Ennetbaden feiert dieses Jahr Geburtstag. Vor 200 Jahren wurde es mit Beschluss der Kantonsregierung von Baden getrennt. Nicht etwa auf eigenen Wunsch: Es waren die Städter, welche die ärmlichen Dörfler nicht mehr unterstützen wollten. Heute wäre es umgekehrt: Von einer Wiedervereinigung würden die Städter mehr profitieren als die «Goldwändler».

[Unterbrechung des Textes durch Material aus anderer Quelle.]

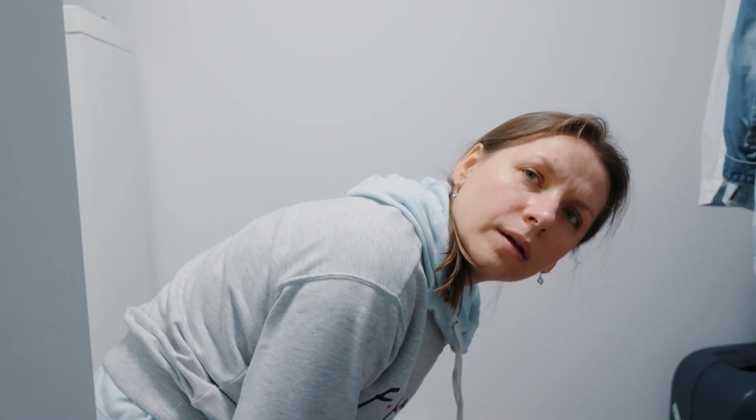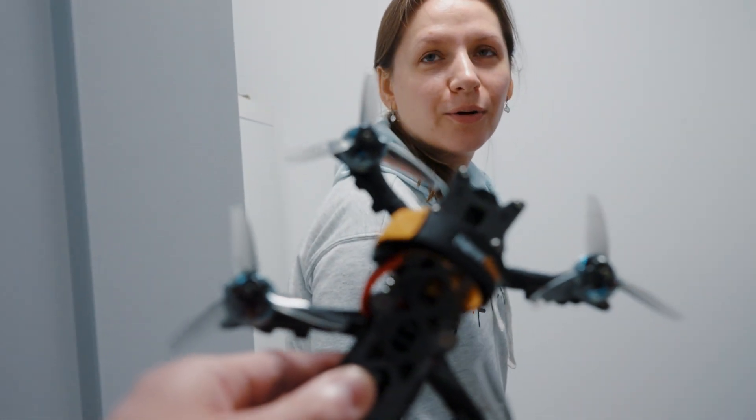What do we call this drone? We call this drone 'Microbe.'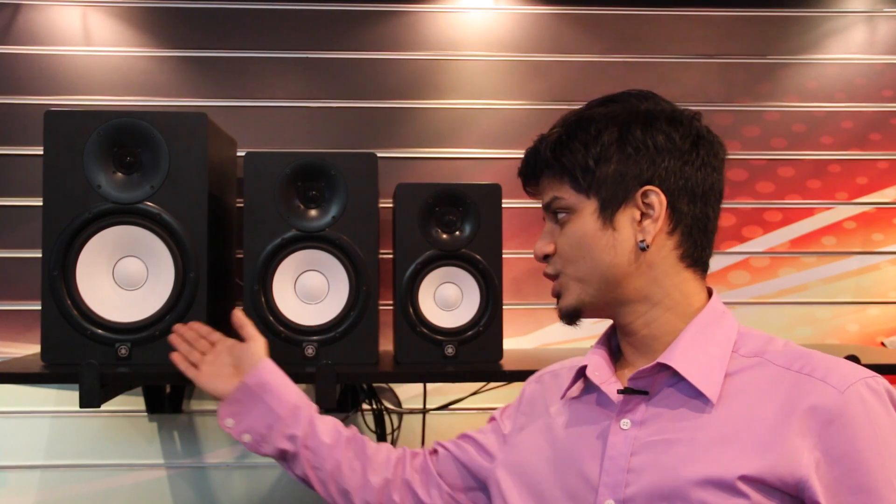The HS series previously comprised two different models, the HS50 and the HS80. The current series now has the HS5, the HS7, and the HS8.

Item. Am letzten Samstag bekam Ennetbaden ein Geburtstagsgeschenk von unerwarteter Seite: einen Auftritt in der Fernsehsendung, die in diesem Land am meisten geguckt wird, in der Hauptausgabe der SRF-Tagesschau. Unter der Affiche «Agglo-Gemeinden driften politisch auseinander» wurde Ennetbaden als Beispiel einer wohlhabenden Gemeinde dargestellt, die ihr Heil nicht in Steuersenkungen sah, um eine reiche, rechts stehende Klientel anzulocken. So wie etwa Wollerau am Zürichsee, wo hohe Zäune rund um grosse Villen ein Sozialleben verhindern. Nein, Ennetbaden hat investiert. Zum Beispiel in Kinderbetreuung und soziale Einrichtungen. Das zog – neben der Sonnenhanglage und der Nähe zu Baden und Zürich– wohlhabende Leute an, urban denkende Akademiker und Doppelverdiener-Familien. Soweit die Leutschenbacher, die ihren Bericht auf eine Studie des omnipräsenten Politologen Michael Hermann abstützten.

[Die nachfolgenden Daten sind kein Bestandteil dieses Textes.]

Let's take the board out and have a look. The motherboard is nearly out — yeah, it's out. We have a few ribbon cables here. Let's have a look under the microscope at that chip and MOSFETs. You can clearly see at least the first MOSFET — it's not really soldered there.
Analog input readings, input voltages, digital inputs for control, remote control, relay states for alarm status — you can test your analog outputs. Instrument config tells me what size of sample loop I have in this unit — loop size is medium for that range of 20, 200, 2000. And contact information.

Tatsächlich ist das heute weitgehend deindustrialisierte Dorf zwischen Limmat und Goldwand ein Phänomen. Wenn wieder einmal über eine SVP-Volksinitiative abgestimmt wird, zum Beispiel die Durchsetzungsinitiative 2016 oder die Selbstbestimmungsinitiative 2018, verwirft im Aargau niemand so wuchtig wie Ennetbaden. Stimmt heute wirklich die Gleichung «Wohlhabend = links»? Ist, wer SVP-Begehren nicht riechen kann, automatisch links? Ennetbaden ist ein spannendes Experimentierfeld für Politologen. Die Prophezeiung sei gewagt: SP-Ständeratskandidat Cédric Wermuth wird in Ennetbaden nicht viele Stimmen holen. Denn die «Goldwändler» wollen nicht den Kapitalismus überwinden. Sie verstehen sich in ihrer Mehrheit als Mittelstand, aufgeschlossen gegenüber sozialen und Umweltanliegen. Das ist nicht Wermuth-Publikum, das ist linksliberale Mitte. Wermuth wird nun sagen: «Schaut nach Deutschland, wo eine zur Mitte driftende SP landet: im Abgrund.» Okay. Hier fehlt der Platz, um den SP-Richtungsstreit zu lösen.
Schon Einstein wusste: Alles ist relativ. Im ziemlich weit rechts stehenden Aargau ist oder wirkt Ennetbaden halt links. Dabei will man hier vieles sein und wählen – bloss eines nicht: SVP. Happy birthday, Ennetbaden.